Conclusion: Addition of oligosaccharides to infant formula results in an increase of the number of bifidobacteria in the intestinal flora of infants. The number of bifidobacteria seems to be comparable to infants who have been breast fed. ‘
INTRODUCTION
Prematurity is associated with high morbidity and mortality rates. A common disease in premature newborns is necrotizing enterocolitis(NEC). NEC is a severe and devastating disease, and it is associated with a high mortality. Premature infants are most susceptible for this disease. Of all the NEC cases, 90% of the patients are premature infants(Schnabl et al. 2008). According to The Eunice Kennedy Shriver National Institute of Child Health and Human Development Neonatal Research Network(NICHD), the mean incidence of NEC in premature newborns with very low birthweight is between 5% to 15% observed over the years of 2003 to 2007(Yee et al. 2012). The pathogenesis of NEC is not fully understood and is thought to be multifactorial consisting of an imbalance of the inflammatory responses, alterations in intestinal flora and an impairment of the immunity of the mucosa(Yang et al. 2014). Also, the intestines of premature newborns are immature, it is thought that abnormal colonization of the immature gut plays a role(Yang et al. 2014).
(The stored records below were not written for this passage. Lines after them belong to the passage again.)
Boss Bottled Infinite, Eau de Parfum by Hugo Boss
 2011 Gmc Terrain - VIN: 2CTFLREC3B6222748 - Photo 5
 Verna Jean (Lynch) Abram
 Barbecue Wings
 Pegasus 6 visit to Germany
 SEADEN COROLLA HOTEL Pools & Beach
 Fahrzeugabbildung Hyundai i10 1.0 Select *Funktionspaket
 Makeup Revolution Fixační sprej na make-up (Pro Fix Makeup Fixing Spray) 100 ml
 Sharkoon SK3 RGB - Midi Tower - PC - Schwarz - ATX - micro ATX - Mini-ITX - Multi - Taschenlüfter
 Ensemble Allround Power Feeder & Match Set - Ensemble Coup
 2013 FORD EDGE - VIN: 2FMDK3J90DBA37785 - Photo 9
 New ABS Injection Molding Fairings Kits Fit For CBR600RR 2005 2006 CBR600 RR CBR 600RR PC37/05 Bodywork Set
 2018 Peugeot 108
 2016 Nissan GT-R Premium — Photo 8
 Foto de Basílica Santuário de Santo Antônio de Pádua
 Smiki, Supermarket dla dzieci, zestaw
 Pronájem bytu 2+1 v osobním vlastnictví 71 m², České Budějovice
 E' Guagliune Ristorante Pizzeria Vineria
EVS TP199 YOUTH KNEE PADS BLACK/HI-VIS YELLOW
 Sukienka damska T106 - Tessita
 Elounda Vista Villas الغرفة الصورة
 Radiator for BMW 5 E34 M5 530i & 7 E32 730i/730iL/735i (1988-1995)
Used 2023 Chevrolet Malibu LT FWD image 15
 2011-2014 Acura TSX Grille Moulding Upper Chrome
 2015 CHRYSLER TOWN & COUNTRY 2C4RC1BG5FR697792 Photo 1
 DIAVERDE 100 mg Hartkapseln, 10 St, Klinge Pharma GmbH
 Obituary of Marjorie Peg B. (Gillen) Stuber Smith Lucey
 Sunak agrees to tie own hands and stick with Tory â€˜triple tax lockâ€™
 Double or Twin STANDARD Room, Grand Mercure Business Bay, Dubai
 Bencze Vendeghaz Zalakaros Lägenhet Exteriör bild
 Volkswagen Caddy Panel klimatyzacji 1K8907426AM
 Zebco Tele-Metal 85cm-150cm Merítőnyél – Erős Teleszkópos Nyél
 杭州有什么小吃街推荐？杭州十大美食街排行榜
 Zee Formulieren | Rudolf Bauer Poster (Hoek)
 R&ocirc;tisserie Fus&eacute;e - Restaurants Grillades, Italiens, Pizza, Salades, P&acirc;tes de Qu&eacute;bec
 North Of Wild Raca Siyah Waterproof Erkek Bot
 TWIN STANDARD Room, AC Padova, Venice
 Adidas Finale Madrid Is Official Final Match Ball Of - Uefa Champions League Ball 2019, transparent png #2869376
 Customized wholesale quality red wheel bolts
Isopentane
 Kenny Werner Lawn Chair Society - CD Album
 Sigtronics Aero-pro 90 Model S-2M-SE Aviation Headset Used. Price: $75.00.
It is widely acknowledged that breastfeeding has a lot of benefits for the health and growth of infants. One of these benefits is that breastfeeding has a protective effect on the development of necrotizing enterocolitis (Herrmann & Carroll, 2014). Human milk contains several components that stimulate the maturation of the intestines in newborns, like human milk oligosaccharides(HMO) (Smilowitz et al. 2014). Human milk contains 12-15g oligosaccharides per liter(Ben et al. 2008). Human milk oligosaccharides are complex structures and are indigestible, so these structures can reach the large intestines and can be found in the feces of breast fed infants(Smilowitz et al. 2014). These oligosaccharides contribute to the host defense of the intestines, by playing a role in the development of the function of the intestinal barrier(Smilowitz et al. 2014). Also probiotics, more specifically bifidobacteria, are thought to have a protective effect against the development of NEC(Yang et al. 2014 & Lin et al. 2005). It is known that probiotics have the potential to contribute to the maturation of the intestinal barrier, to contribute to the production of anti-inflammatory cytokines, to control apoptosis and to diminish the growth of potential pathogens(Yang et al. 2014). It is important that probiotics, when added to food products, can survive the gastrointestinal tract environment, to maintain their activity. Another challenge is to grow faster than the velocity of peristaltic movements, in order to have their effect before they reach the diaper. Probiotics have a strong affinity for enterocytes, subsequently they can prevent pathogenic organisms to bind to the mucosa of the intestines. Furthermore, the production of antimicrobial peptides and lactic acids by the probiotics also have anti-bacterial effects.(Pandey et al. 2015).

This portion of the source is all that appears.